Today, the track is no more, but the route still exists for cyclists and walkers to enjoy. The wide path is a history lesson, from the original trains on display to remnants of structures and cemeteries along the way.

The Mammoth Cave Railroad Company's train is now on display inside Mammoth Cave National Park. (Deena Bouknight)
The Mammoth Cave Railroad Company's train is now on display inside Mammoth Cave National Park. Deena Bouknight

Meander Through Mammoth

There are no fees to enter what is now Mammoth Cave National Park. Anyone can bring their bike or a comfortable pair of shoes, and cycle or walk the nine miles where Mammoth Cave Railroad Company’s four steam engine locomotives ran from 1886 to 1931. Passengers came into Glasgow Junction-Park City on the L&N Railroad, which originated in Nashville.
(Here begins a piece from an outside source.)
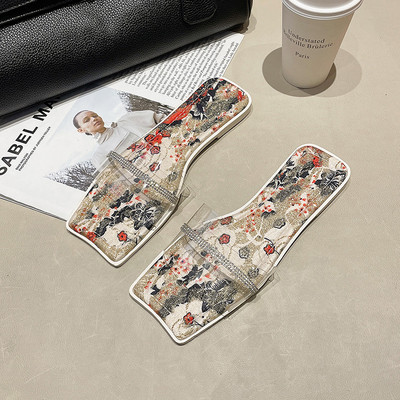 Γυναικείες παντόφλες με διακοσμητικές πέτρες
If they desired, they got in a red or black train car and enjoyed the short ride to the entrance of the cave system that offered many guided tours.

According to the National Park Service (NPS): “The first passenger, W.F. Richardson, paid $3.00 for ticket #1350 as was recorded in the Mammoth Cave Hotel Register on November 8, 1886.”

The train made its last run in 1931, due to more people visiting Mammoth Cave by automobile.

Partakers of the modern maintained trail are treated to sights both similar and different than those experienced by train travelers. In the late 19th century and early 20th century, the views out the train car windows were of rolling hills, fields of grazing livestock, and farmhouses with thriving gardens. They passed churches and even an inn. Passengers also would have clearly seen sinkholes out the train windows.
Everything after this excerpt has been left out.